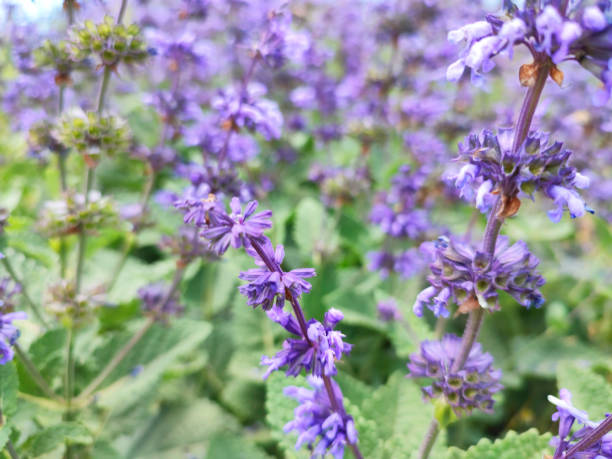 istock Blooming lavender flowers detail 1327648878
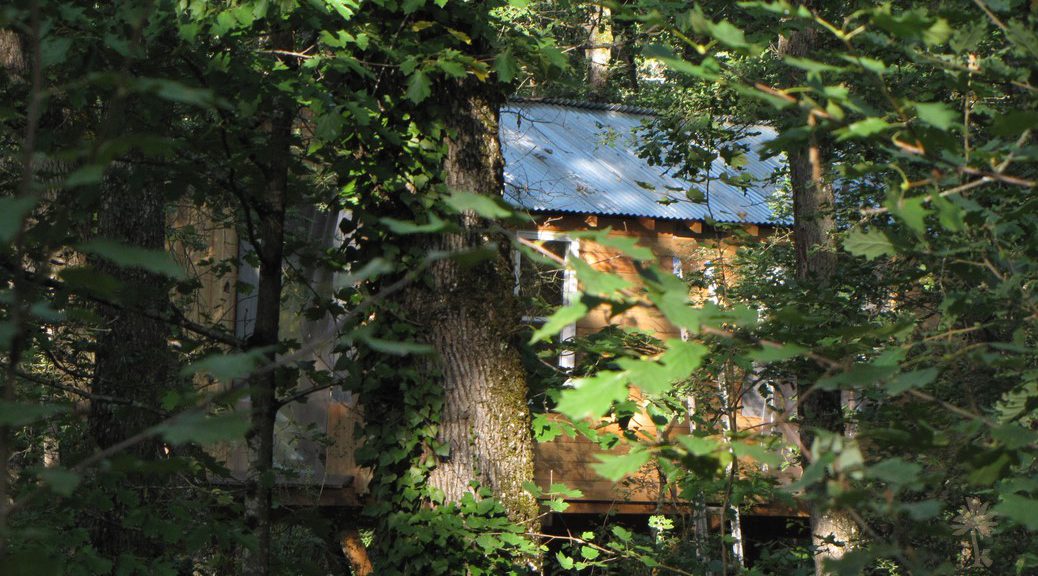La Cabane dans le Bois – photo 3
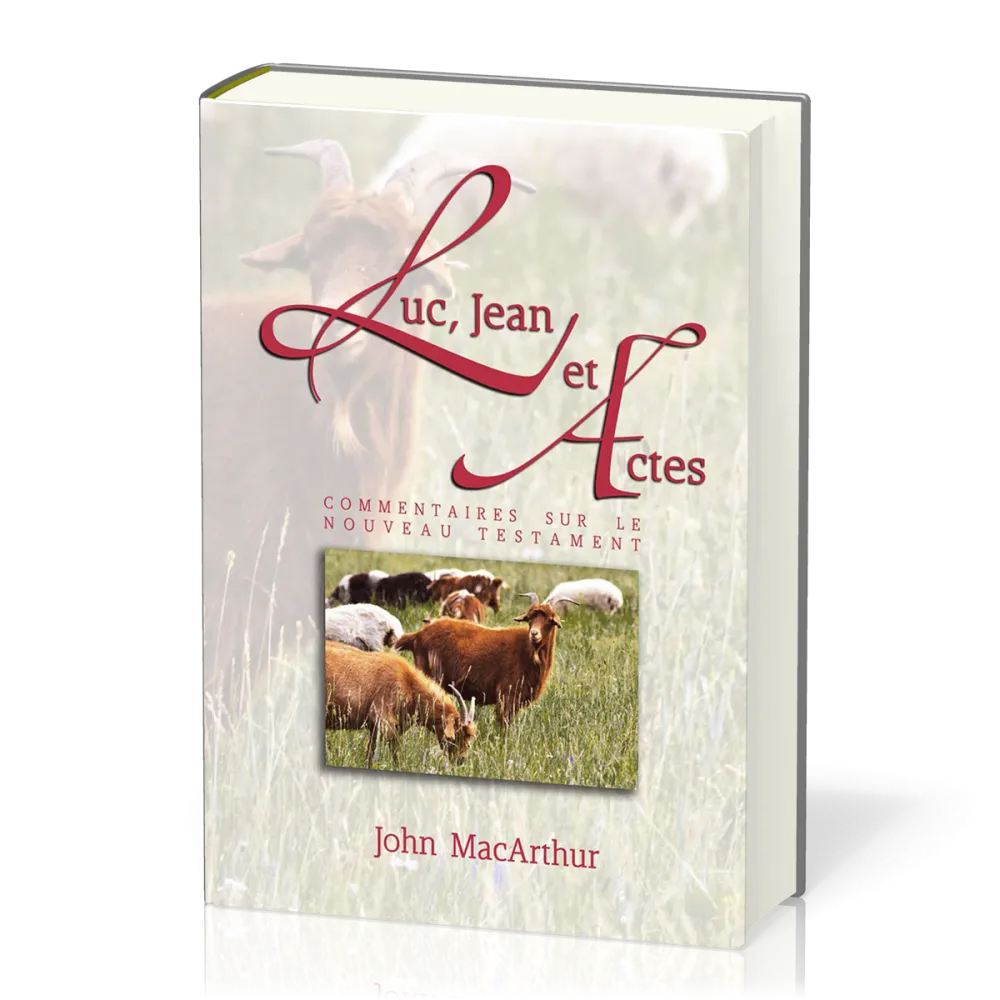 LUC-JEAN-ACTES - COMMENTAIRES SUR LE NOUVEAU TESTAMENT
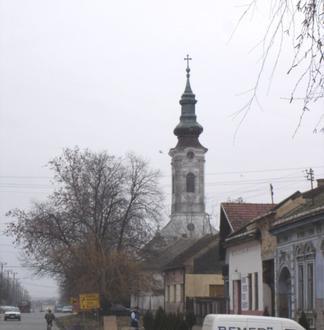 Slika Šajkaš Slika Šajkaš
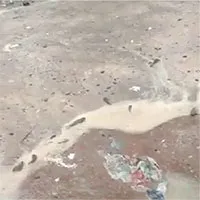 Cơn mưa trút hàng trăm con cá xuống thị trấn Ấn Độ
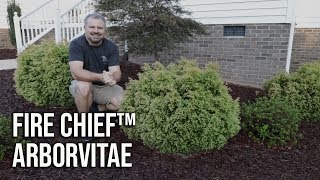 Fire Chief™ Arborvitae  Globe Shaped Evergreen  Year Round Interest [upl. by Alaj]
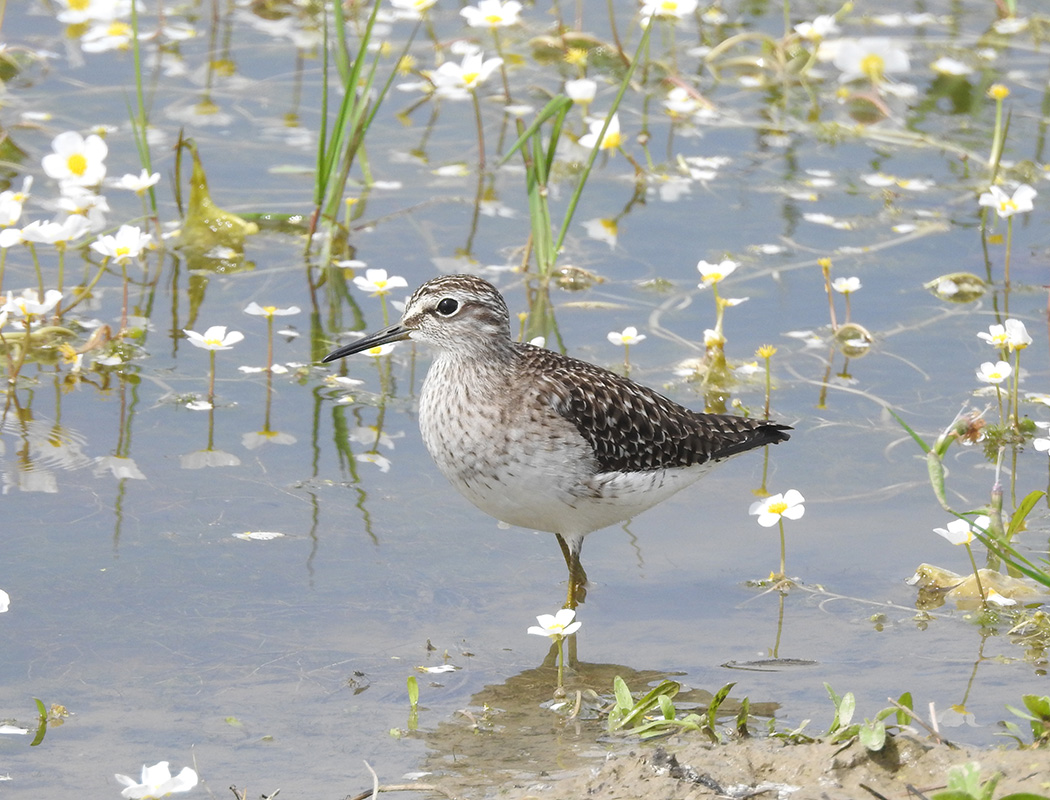 Orman düdükçünü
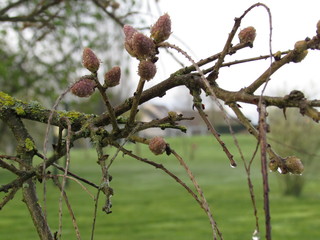 arbre en automne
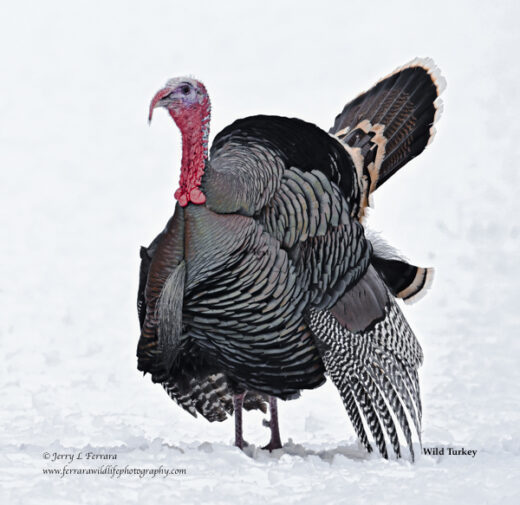 Wild Turkey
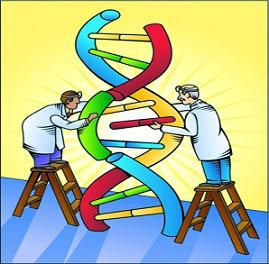 چگونه به یک متخصص ژنتیک تبدیل شویم؟.jpg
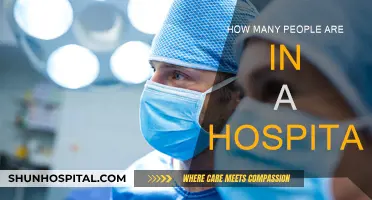 Hospital Staffing: Who's Behind the Scenes?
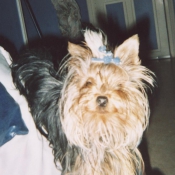 Photo de Yorkshire terrier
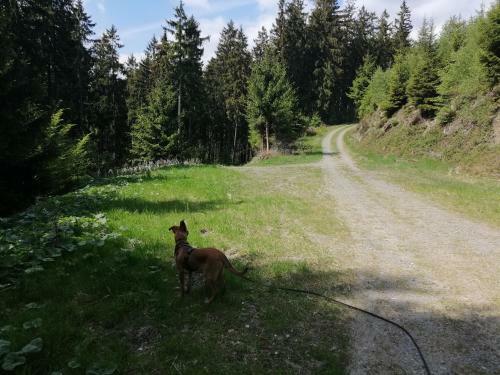 Apartamento Fewo Im Sch�nen Sauerland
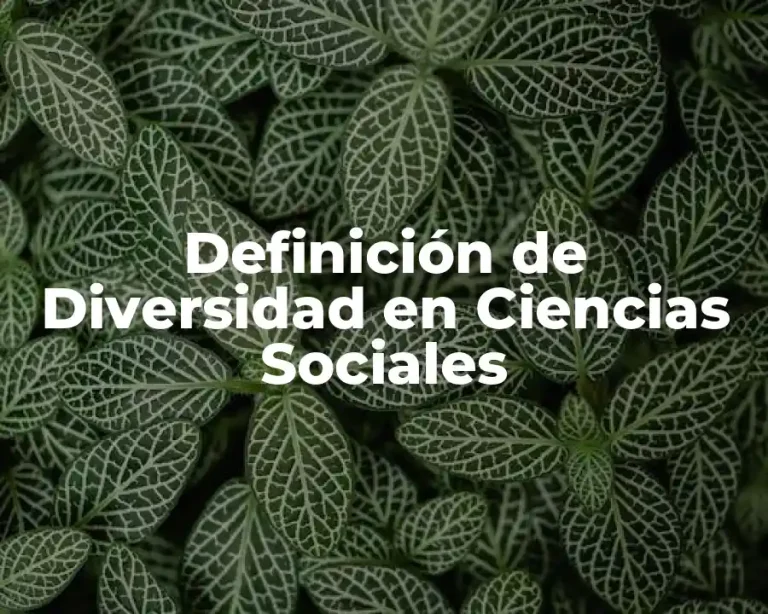 Definición de Diversidad en Ciencias Sociales
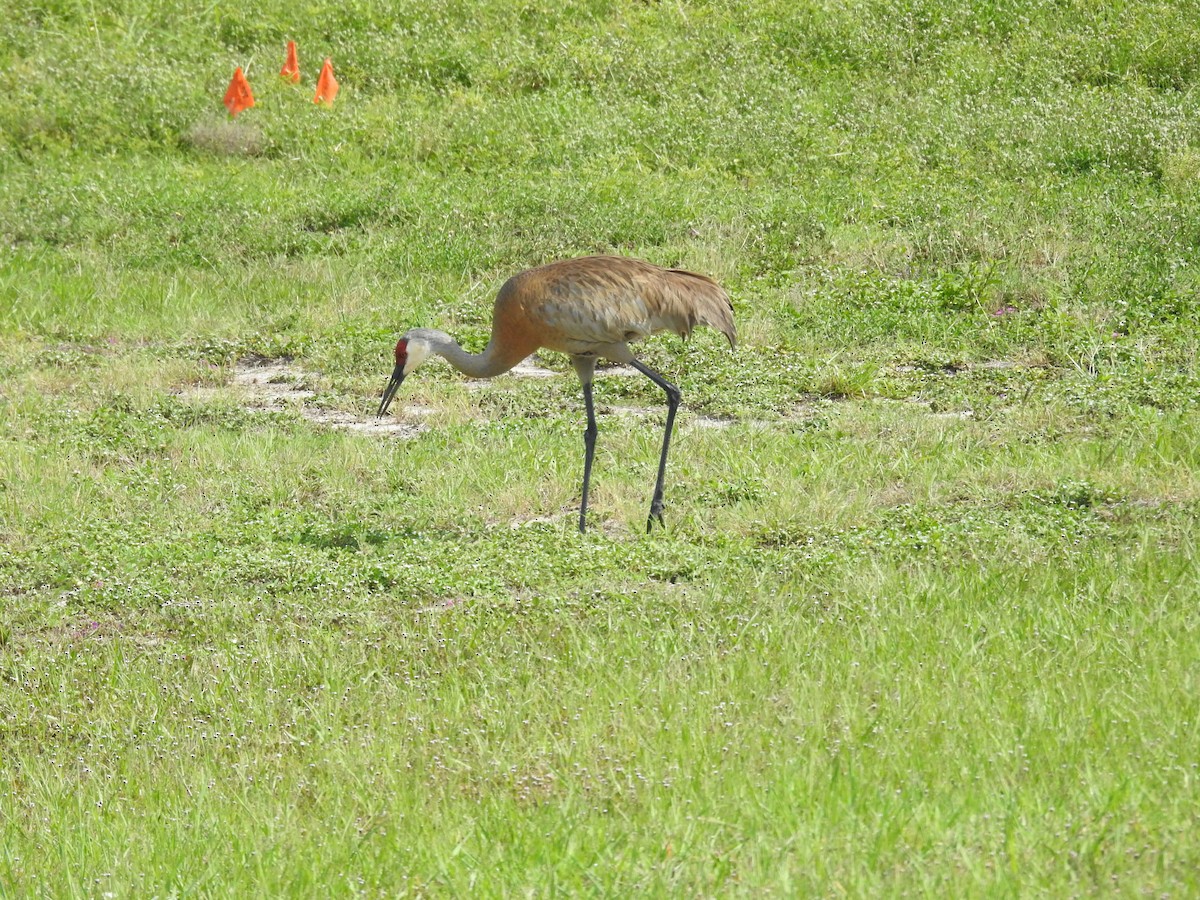 Sandhill Crane - ML584454711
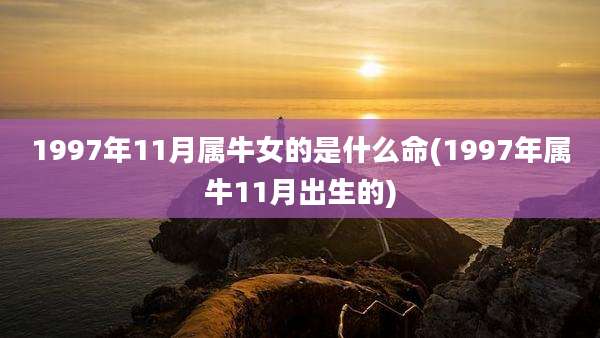 1997年11月属牛女的是什么命(1997年属牛11月出生的)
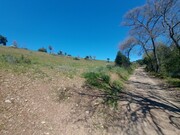 Terreno Rstico - Castro Vicente, Mogadouro, Bragana - Miniatura: 8/9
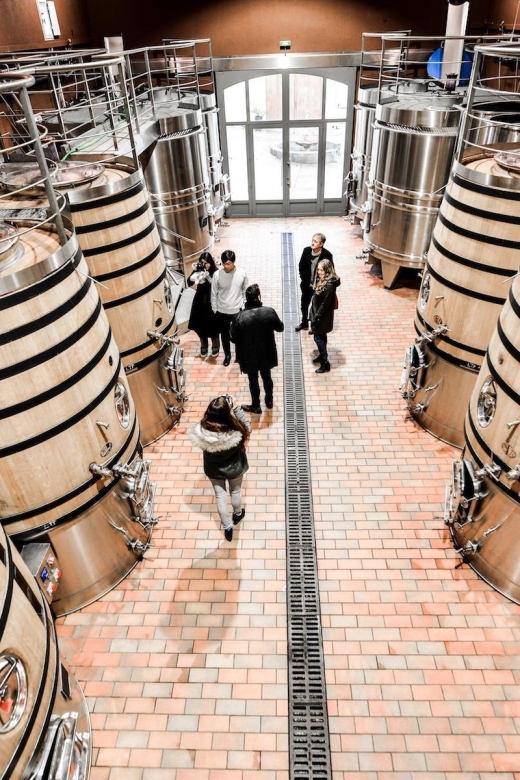 From Saint-Emilion : Half Day Electric Bike Tour - Distinct Winery Experiences
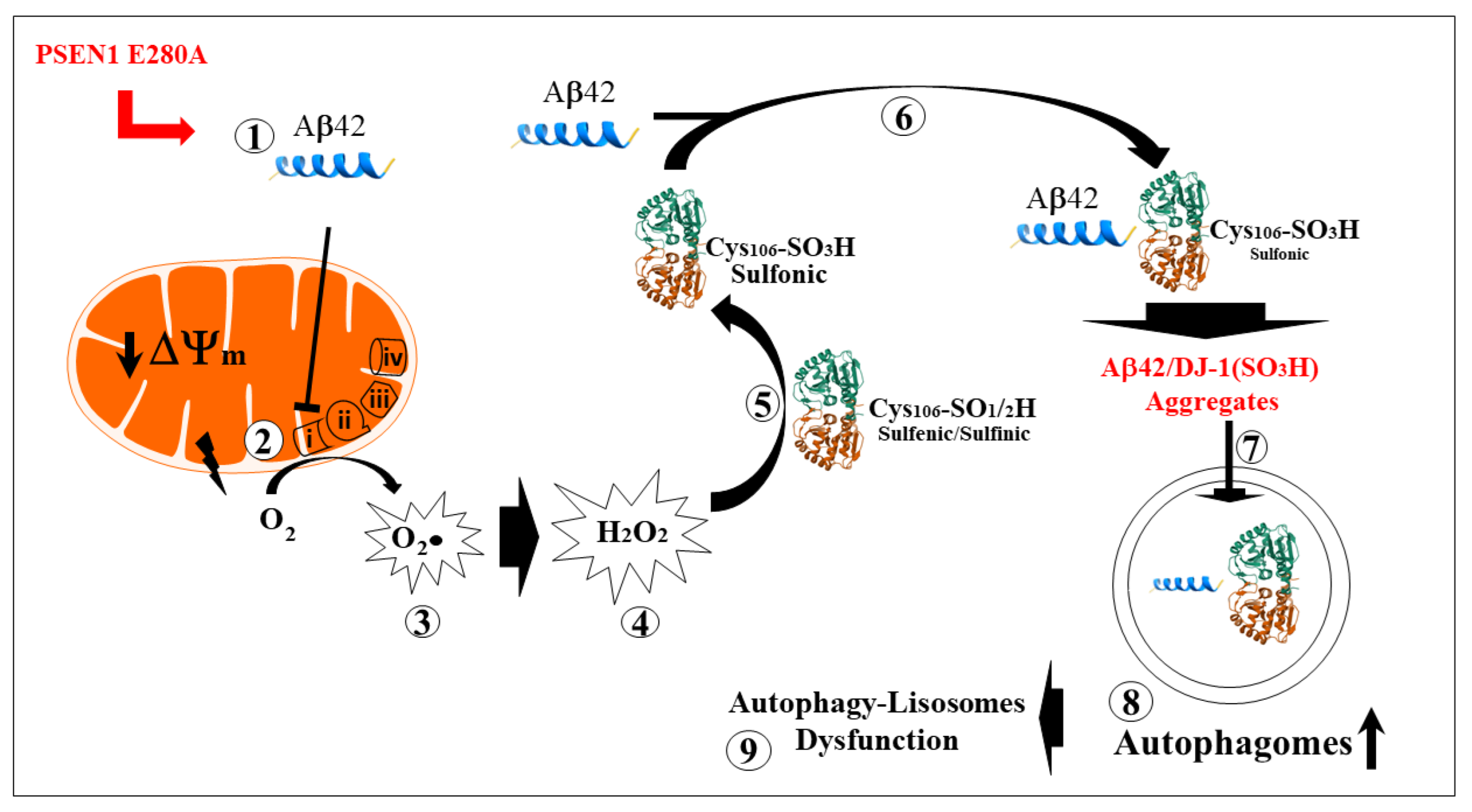 Preprints 186076 g008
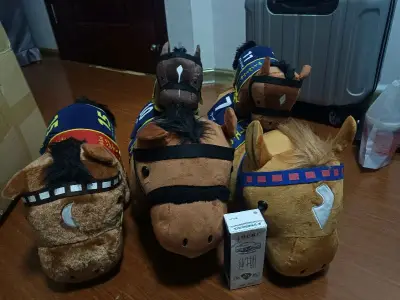 无敌，一次性买了五只小马，北黑、光钻、乐透心、鲁道夫、好歌剧。太爽了，价格比淘宝便宜多了?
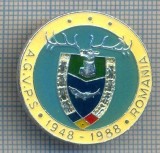 AX 145 INSIGNA VANATOARE SI PESCUIT SPORTIV PERIOADA RSR -A.G.V.P.S -1948-1988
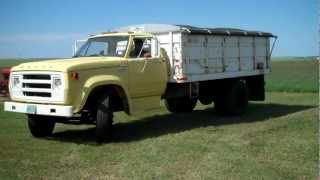 Cherpin 1968 Dodge Grain Truck Mack Auction Company April 15 2013 Radville Sk [upl. by Namaj]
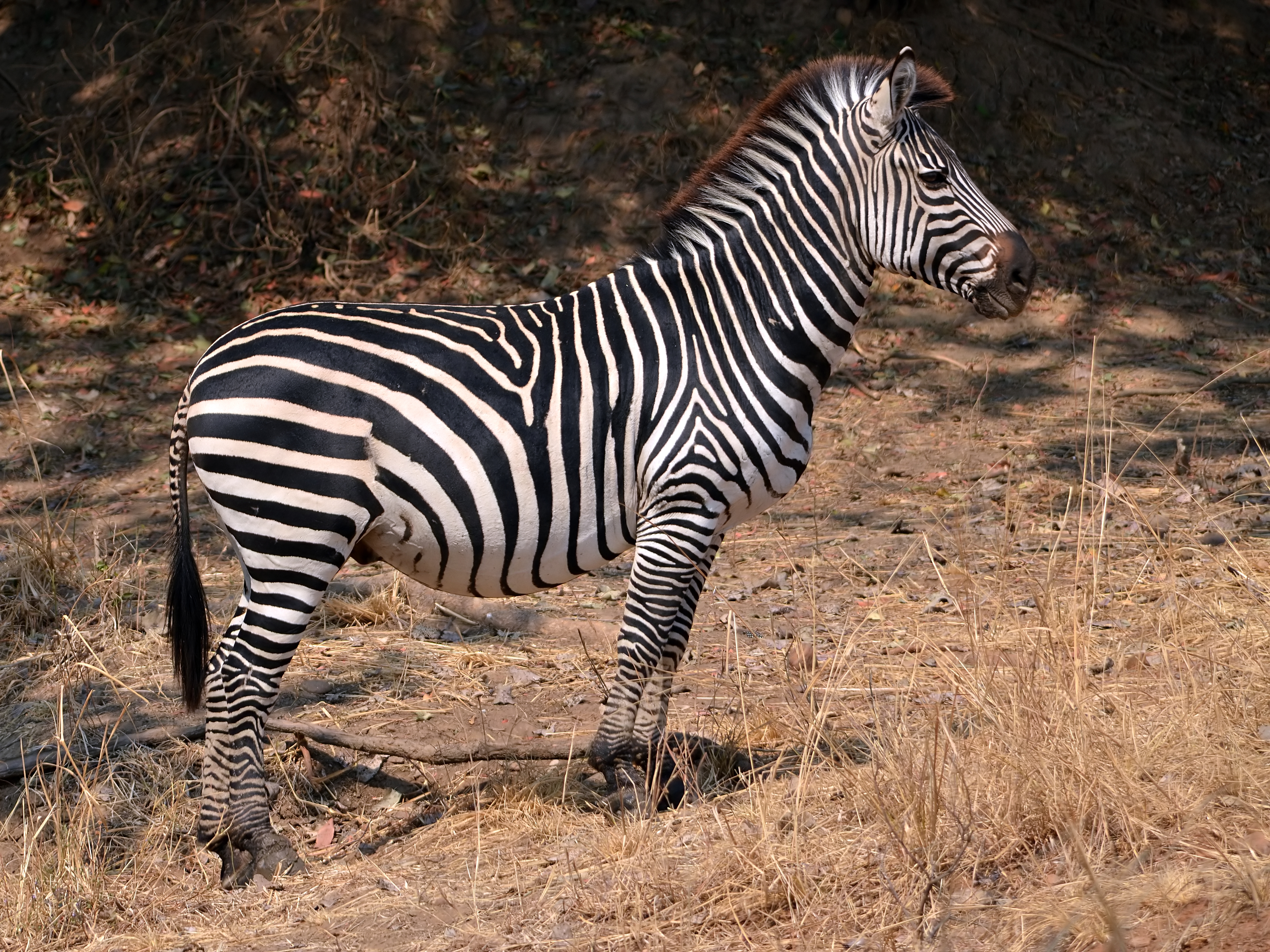 Equus quagga boehmi (male)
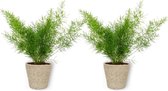 2x Kamerplant Asparagus Sprengeri - Sierasperge - ± 25cm hoog - ⌀  12cm - in beige siermand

- PROBLEM STATEMENT:
Pictures do not belong in the answer. Return the lines above starting at the one with "Photo de Yorkshire terrier" and ending at the one with "From Saint-Emilion : Half", both kept, exactly.

- ANSWER SECTION:
 Photo de Yorkshire terrier
 Apartamento Fewo Im Sch�nen Sauerland
 Definición de Diversidad en Ciencias Sociales
 Sandhill Crane - ML584454711
 1997年11月属牛女的是什么命(1997年属牛11月出生的)
 Terreno Rstico - Castro Vicente, Mogadouro, Bragana - Miniatura: 8/9
 From Saint-Emilion : Half Day Electric Bike Tour - Distinct Winery Experiences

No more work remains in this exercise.